Bevor der Chor-Workshop „Esslingen singt quer“ starten kann, teilt Leiter Tibor Farago die Anwesenden je nach Tonlage in drei Gruppen ein. Nach ein paar Aufwärmübungen geht es an die Lieder. „So wie ich bin“, „Egal was andere sagen“ oder „Frieden“ lauten die gesungenen Titel.
„Wir wollen hier eine neue Community finden“, sagt eine Ukrainerin, die zusammen mit einer Freundin und deren Tochter zum ersten Treffen gekommen ist. Die Frauen flüchteten vor rund zwei Jahren vor dem Krieg in ihrer Heimat. Dass sie nun bei der Probe im Esslinger Kulturzentrum Komma gelandet sind, dürfte Farago freuen. Er verfolgt mit seinem Workshop das Ziel, Menschen unterschiedlicher Identitäten zusammenzubringen.
Rapper und Rollstuhlfahrer machen mit
Seit knapp fünf Jahren wirkt der 47-Jährige in dem Verein Schwule Väter Stuttgart mit. Der von ihm gegründete „(Ch)orale Gesangsverein“ trifft sich seit dem vergangenen Jahr im queeren Zentrum Weissenburg. Auf Anfrage der Organisationsteams des Christopher Street Day (CSD) hat Farago nun ein neues Projekt in Esslingen gestartet. Am Montag, 8. Juli, gibt der Chor ab 19 Uhr ein Konzert im „Komma“. Außerdem steht die Gruppe am Sonntag, 7. Juli, beim Schwörfest auf dem Rathausplatz auf der Bühne.
An der ersten Probe nehmen gut 25 Personen teil. Einige von ihnen kennen Farago bereits, sie singen auch in seinem Stuttgarter Chor. Zu ihnen gehört Markus Konzelmann, für den es in Esslingen leichter ist, bei den Proben dabei zu sein. „Im Gegensatz zum Weissenburg gibt es hier einen barrierefreien Zugang“, sagt der Rollstuhlfahrer lobend über das „Komma“. Faragos Sohn Samuel macht ebenfalls mit und hat für die Auftritte in Esslingen einen Raptext vorbereitet.

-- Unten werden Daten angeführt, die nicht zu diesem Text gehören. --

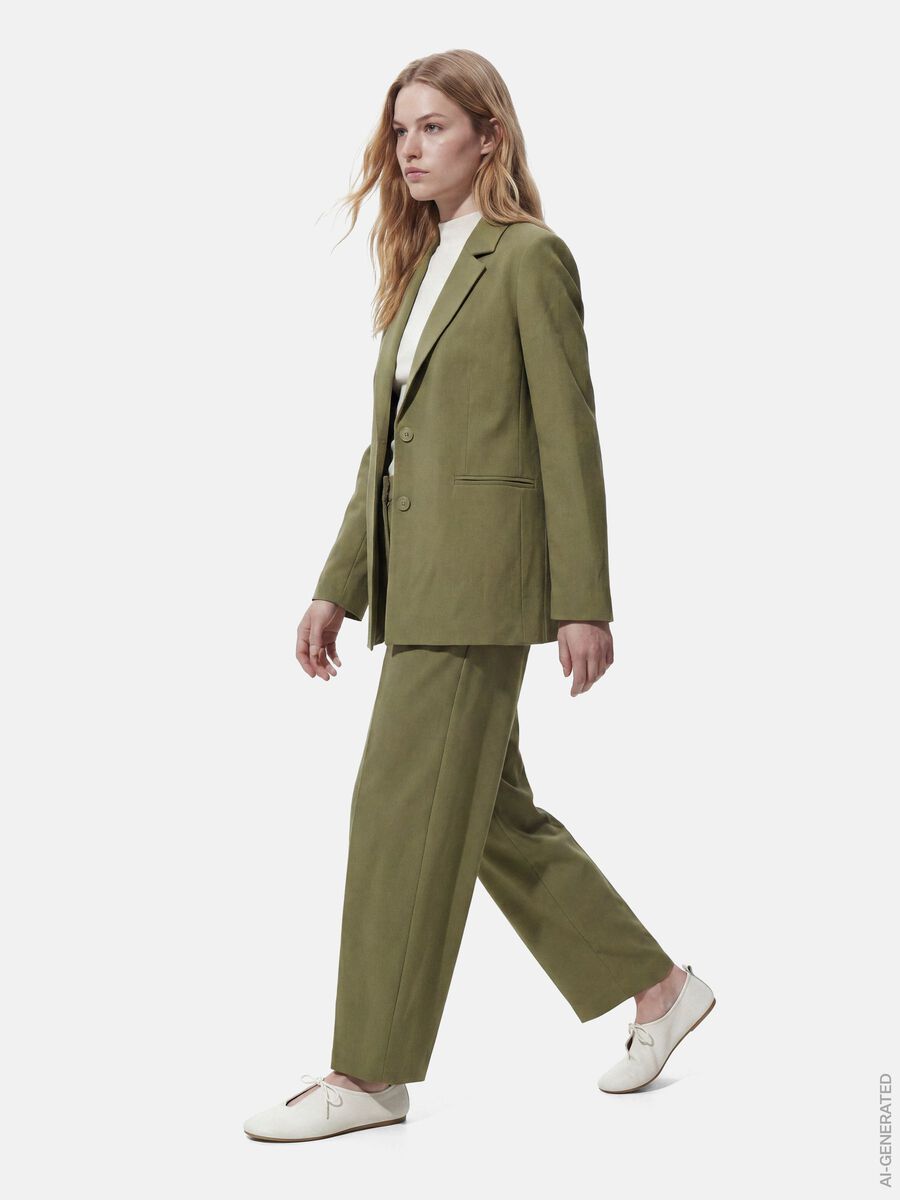 Carousel image 6 PCBOSELLA LOOSE BLAZER, Sphagnum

Reaktion auf die Wahlergebnisse
Die Mehrheit der Anwesenden ist jedoch über Flyer oder Anzeigen auf den Workshop gestoßen. Vorherige Chorerfahrung sei nicht notwendig, heißt es in der Ankündigung. Ulrike Heise aus Unterensingen erzählt, sie habe sich erst kurz vorher entschlossen, teilzunehmen. Den Ausschlag hätten für sie die Wahlen gegeben – den Chor sieht sie als politisches Zeichen gegen den gesellschaftlichen Rechtsruck. „Nach den Ergebnissen sollten wir richtig laut sein“, sagt Heise.

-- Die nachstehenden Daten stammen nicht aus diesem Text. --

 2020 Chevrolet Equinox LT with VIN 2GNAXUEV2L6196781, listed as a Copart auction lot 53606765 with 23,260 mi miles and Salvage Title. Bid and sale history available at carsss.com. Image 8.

Bei den Liedern, die die Gruppe singt, handelt es sich Farago zufolge zwar nicht um explizit queere Werke. Die klare Botschaft, dass aus Sicht des Chors alle Menschen willkommen sind, sollen die Texte dennoch aussenden. „Don’t be scared to make a change“, heißt es zum Beispiel in „Silver Linings (Clap Your Hands)“ von der Künstlerin Imamy – fürchte die Veränderung nicht. Farago sagt: „Zusammen zu singen, kann dabei helfen, sich zu öffnen.“
Zwischen Glaube und Ausgrenzung
Zumindest sei es in seinem eigenen Fall so gewesen. Er habe in manchen Kreisen lange damit kämpfen müssen, sich zu seiner Identität als schwuler Mann zu bekennen. Farago erzählt: „Ich singe seit 20 Jahren in einem katholischen Kirchenchor in Kernen im Rems-Murr-Kreis – die meiste Zeit davon ungeoutet.“ Es sei für ihn ein schwieriger Zwiespalt gewesen: einerseits sein ungebrochener Glaube an Gott, andererseits die katholische Lehre, in der Menschen wie er ausgegrenzt werden.

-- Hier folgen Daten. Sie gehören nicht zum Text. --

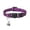 Purple, variant on 1‑Pc Halloween Printed Pet Collar with Bow & Bell, Purple, 7‑11In Adjustable Detachable Polyester Collar for Cats Small Dogs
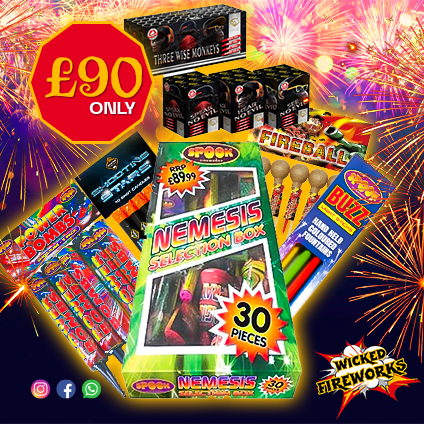 Wicked Fireworks | Monkey Nemesis Extravaganza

Tibor Farago singt seit 20 Jahren in einem katholischen Kirchenchor. Foto: Ines Rudel /Ines Rudel
Irgendwann habe der zweifache Vater dann mit seinem Priester gesprochen und ihm von seiner sexuellen Orientierung erzählt. „Ich habe ihm gesagt, dass ich es nicht fair finde, dass ich beim Gottesdienst meinen Beitrag leiste, aber im Segen nicht eingeschlossen bin“, berichtet Farago. „Danach hat mich der Priester dann gleich fünfmal gesegnet und zu mir gemeint, dass für ihn alle seine Schäfchen gleich sind.“ Inzwischen werde er als Schwuler in seinem Kirchenchor von allen akzeptiert. In Faragos eigener Gruppe soll es solche Hürden, sich auszuleben, aber gar nicht erst geben.